Since all ways of being are valued equally, the dēmokratía is heterogeneous in its norms and values — one might say “multicultural”:
And just as women and children think a variety of colours to be of all things most charming, so there are many men to whom this State, which is spangled with the manners and characters of mankind, will appear to be the fairest of States [ibid].
The society loses its sense of shared national identity and cohesion:
And there being no necessity, I said, for you to govern in this State, even if you have the capacity, or to be governed, unless you like, or go to war when the rest go to war, or to be at peace when others are at peace, unless you are so disposed [ibid].

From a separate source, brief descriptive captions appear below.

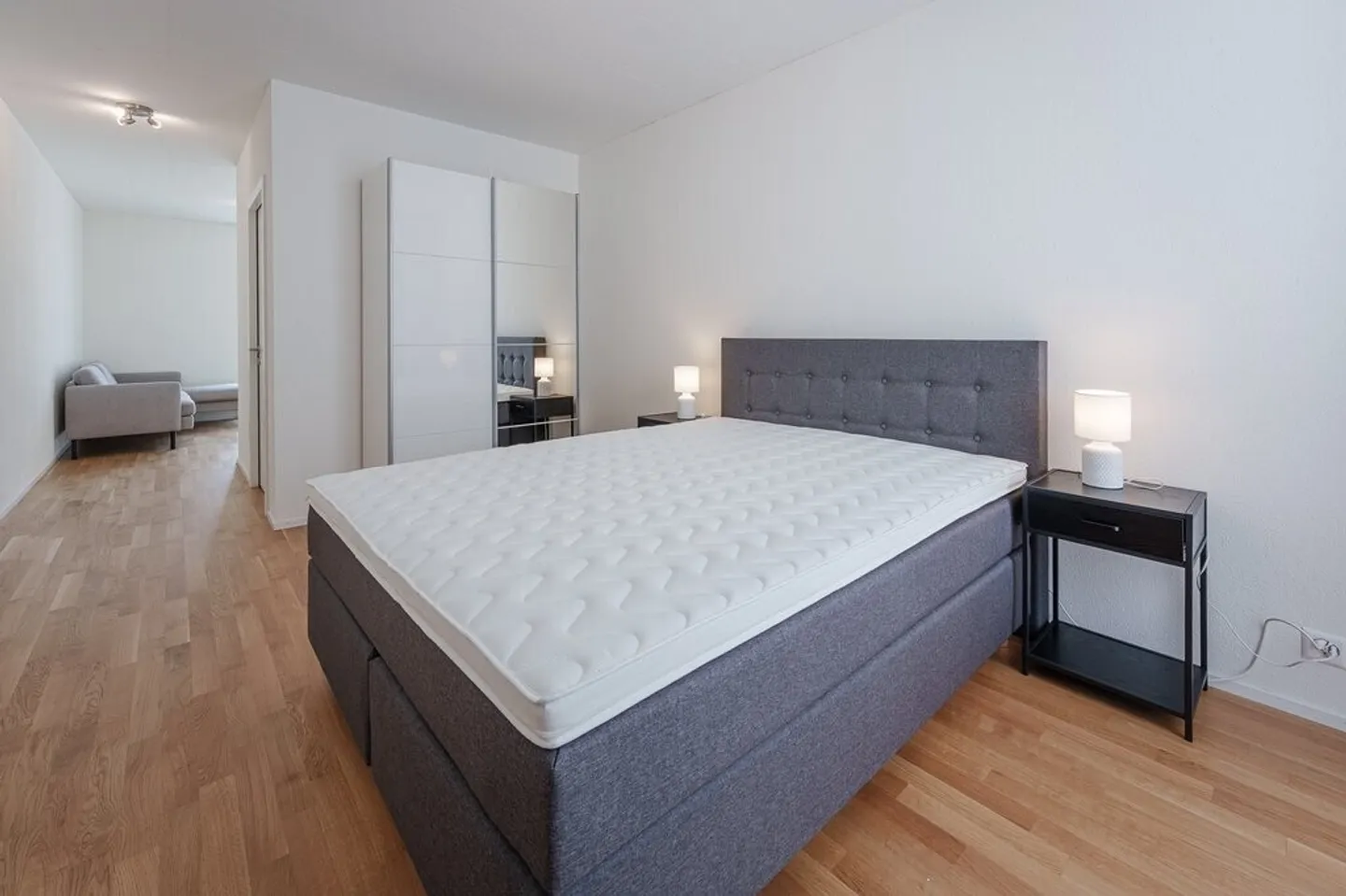 Möbliertes Zimmer in Kriens - Foto 4 von 8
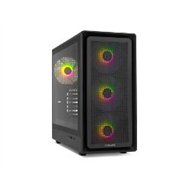 caja nox hummer aero argb atx negra (nxhummeraerobk)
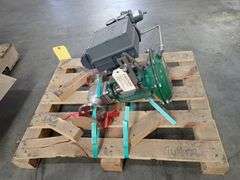 Bauman Valve with Actuator Assembly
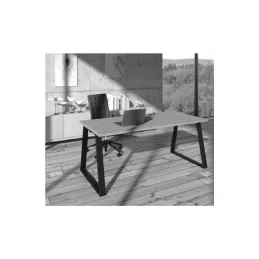 Pieds de table KALABRIA A noirs / Paire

It then rejects meritocracy, and embraces equality of outcomes:
These and other kindred characteristics are proper to democracy, which is a charming form of government, full of variety and disorder, and dispensing a sort of equality to equals and unequals alike [ibid].
Conclusion
Plato’s dēmokratía — a society whose members have ceased to distinguish between clean and unclean desires — sounds like a fun place to visit, and some might think of Plato as a stiff-necked old fogey for not approving. Indeed, there is nothing materially bad about the place— in the way that, say, a fire, or a famine, or a plague of frogs is materially bad. On the contrary, it sounds like a freewheeling party town where it’s “all good” (like the American cities of Portland or Seatle), and which is still relatively safe and prosperous (like Portland and Seattle used to be, until recently).

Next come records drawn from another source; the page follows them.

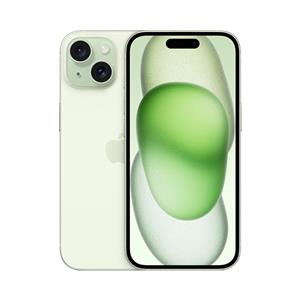 Apple iPhone 15 128GB zeleni + 3 poklona gratis (Xplorer BTW 5.0 Bluetooth slušalice, Huawei Band 4e sat i Shark Liquid glass zaštita za ekran)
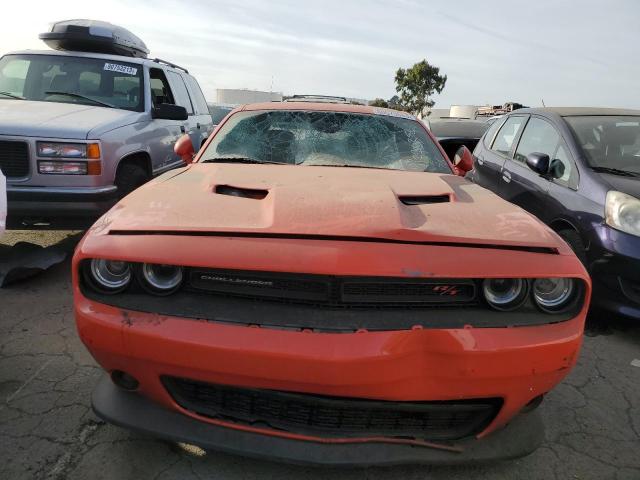 Photo 4 VIN: 2C3CDZFJ7GH331898 - DODGE CHALLENGER 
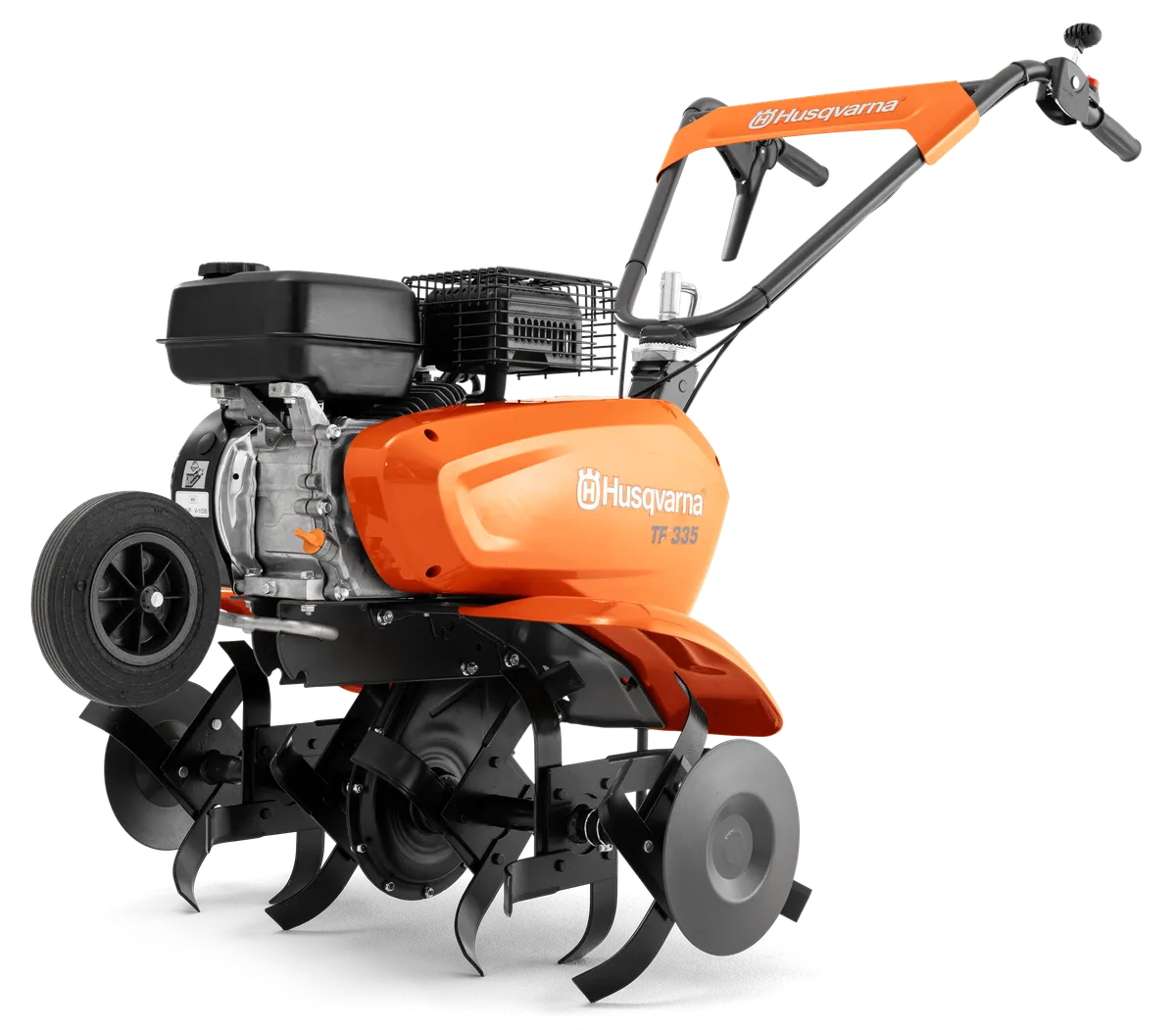 HUSQVARNA TF 335 - skats 1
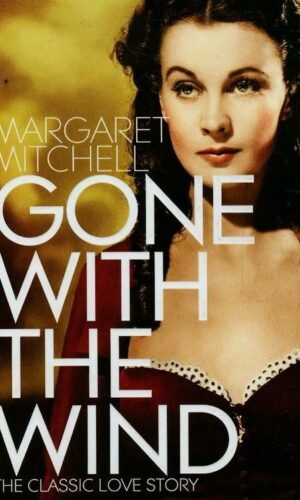 GONE WITH THE WIND<br>Margaret Mitchell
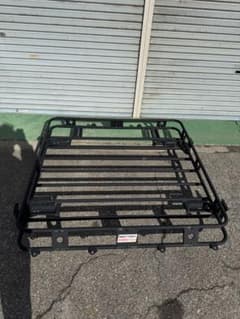 Smittybilt ルーフラック　ラングラーのサムネイル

However, in Plato’s view, such a society is safe and prosperous only because it retains a vestige of the virtues of its forebears: the fruits of the labor of previous generations. Plato writes that a society that embraces such moral relativism is running on fumes and is ripe for descent into a tyranny. In the last section of Book VIII, Plato goes on to describe how the descent into tyranny unfolds. To those living in the West today, his description will sound eerily familiar — as will be the subject of my next post.

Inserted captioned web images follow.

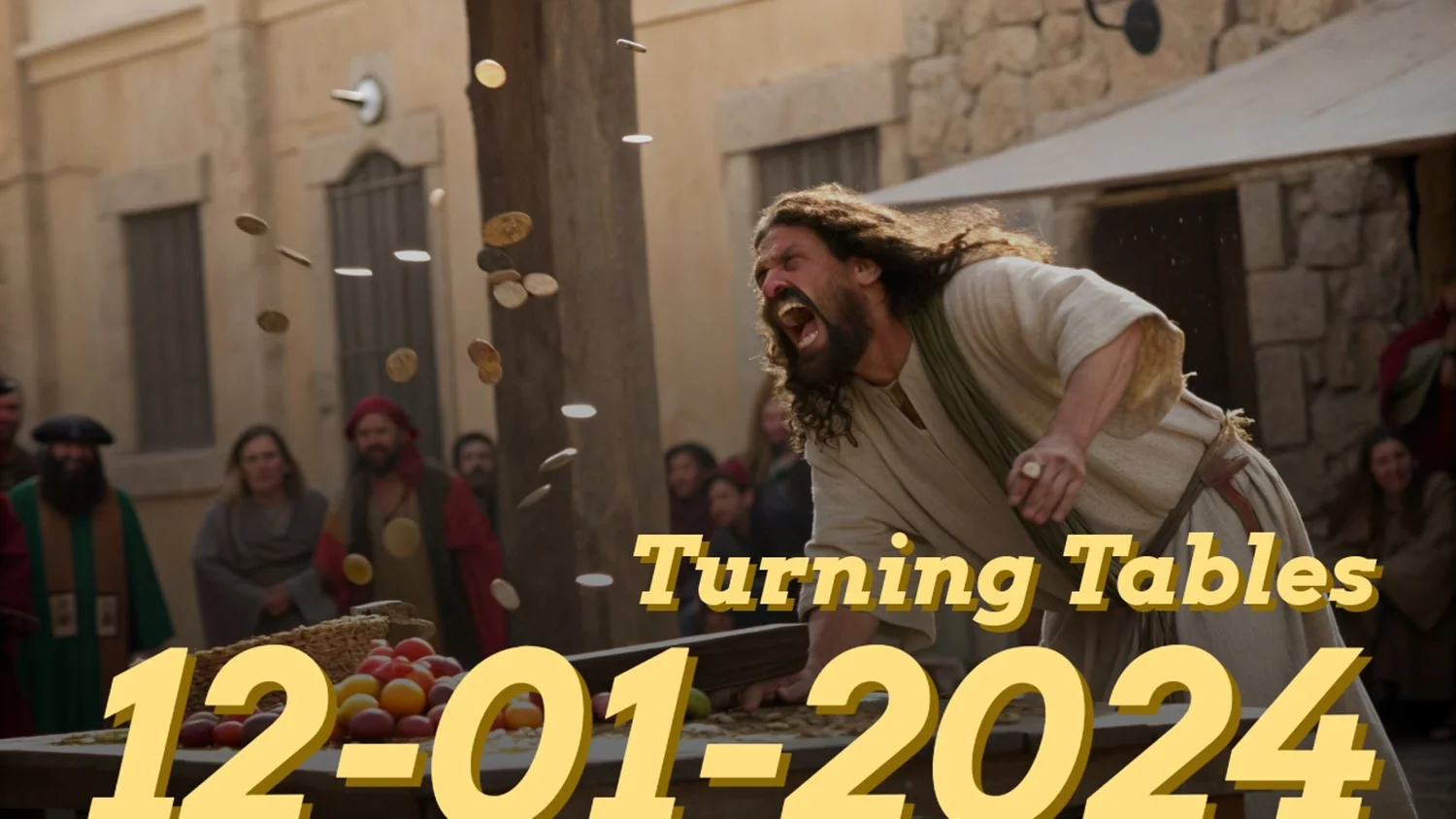 Turning Tables episode artwork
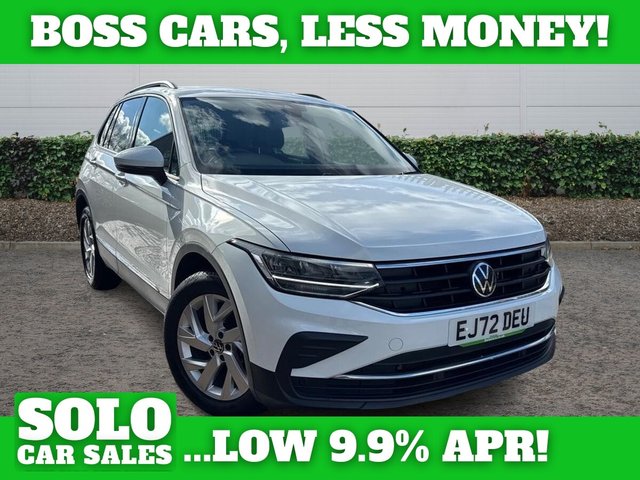View our VOLKSWAGEN TIGUAN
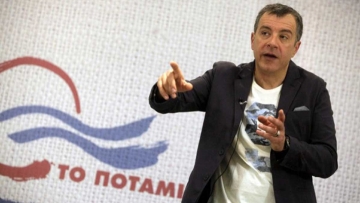 Σταύρος Θεοδωράκης: «Η μεγάλη δύναμη είναι η τρίτη»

Indeed, in his 1987 book A Conflict of Visions, Thomas Sowell names Plato’s work as a classic example of the “unconstrained vision” — which Sowell equates with progressivism.
The “Ring of Doom” refers to a magical artifact in J.R.R. Tolkien’s novel The Lord of the Rings. The ring confers magical powers upon its wearer, including invisibility — but it also houses the life force of the “Dark Lord”, and must be destroyed in order to save the world from his evil reign. In the opening montage of Peter Jackson’s The Lord of The Rings movie, the elf queen Galadriel describes the ring as being “two and a half thousand years” old — which is roughly time span between Plato and us. Tolkien’s Ring of Doom is probably inspired by the mythical Ring of Gyges — a magical ring, originally belonging to an ancient, evil king, which turns its wearer invisible — which, coincidentally, is also an invention of Plato [The Republic, Book II].